## EXERCISE
Print the data below verbatim, minus images.

## SUPPLIED INFORMATION
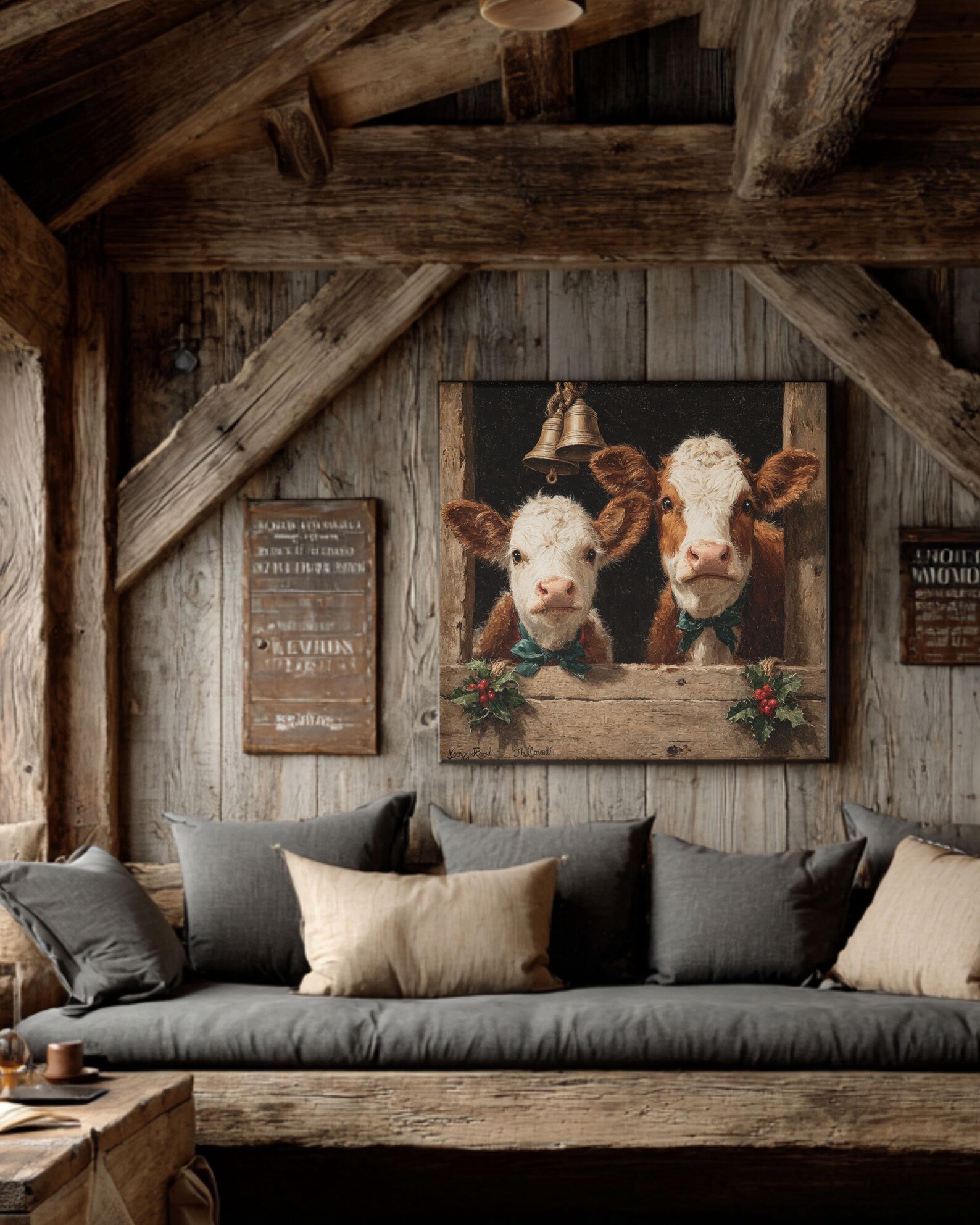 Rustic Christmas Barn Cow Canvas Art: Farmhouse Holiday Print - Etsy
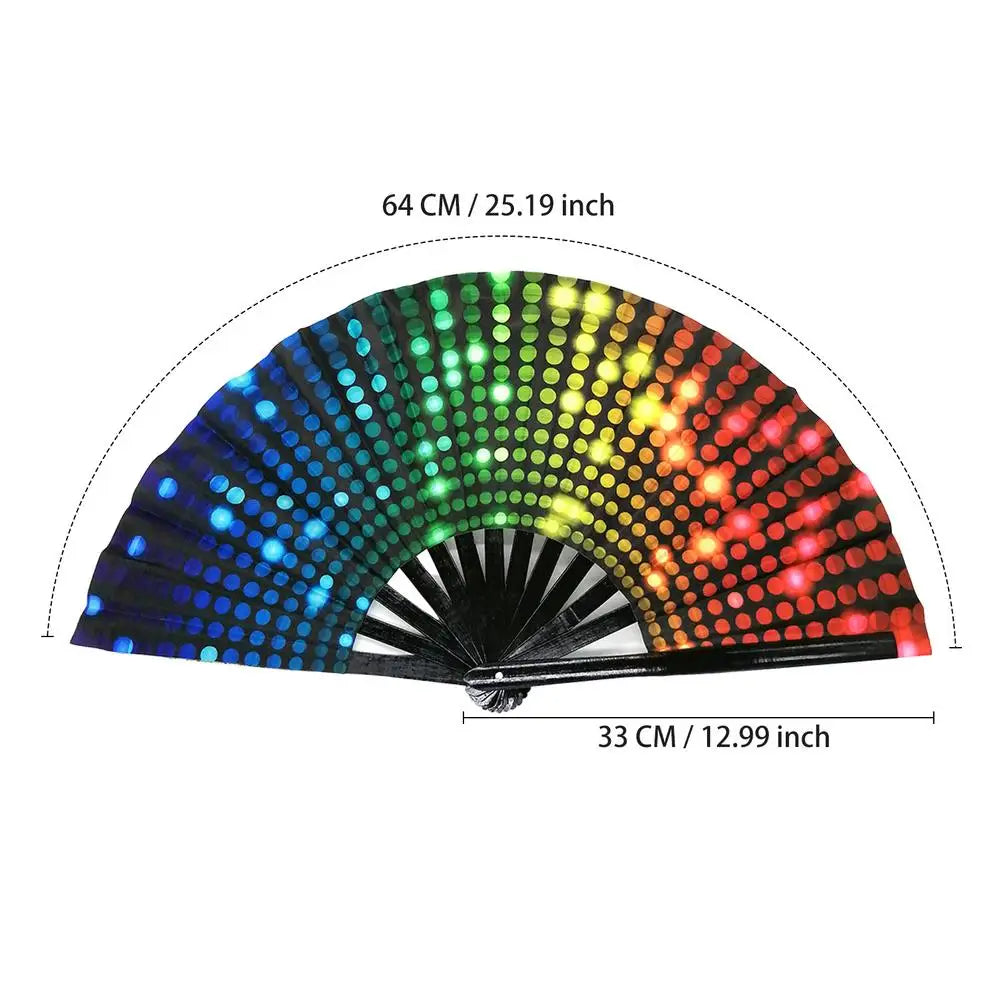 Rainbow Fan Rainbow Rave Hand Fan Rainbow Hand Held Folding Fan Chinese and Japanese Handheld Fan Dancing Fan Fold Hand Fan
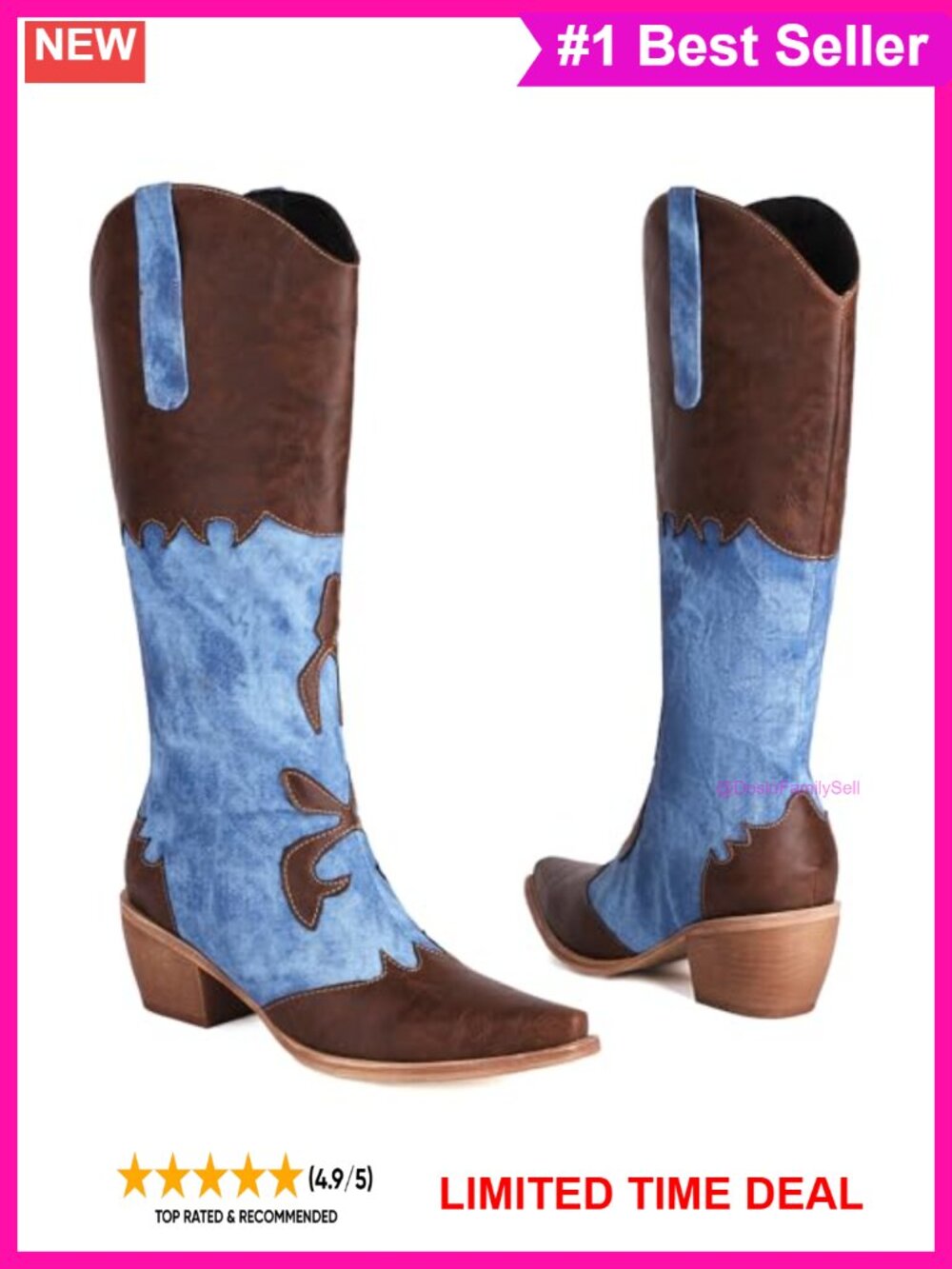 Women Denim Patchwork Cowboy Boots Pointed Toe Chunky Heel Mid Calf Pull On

## TASK RESPONSE
 Rustic Christmas Barn Cow Canvas Art: Farmhouse Holiday Print - Etsy
 Rainbow Fan Rainbow Rave Hand Fan Rainbow Hand Held Folding Fan Chinese and Japanese Handheld Fan Dancing Fan Fold Hand Fan
 Women Denim Patchwork Cowboy Boots Pointed Toe Chunky Heel Mid Calf Pull On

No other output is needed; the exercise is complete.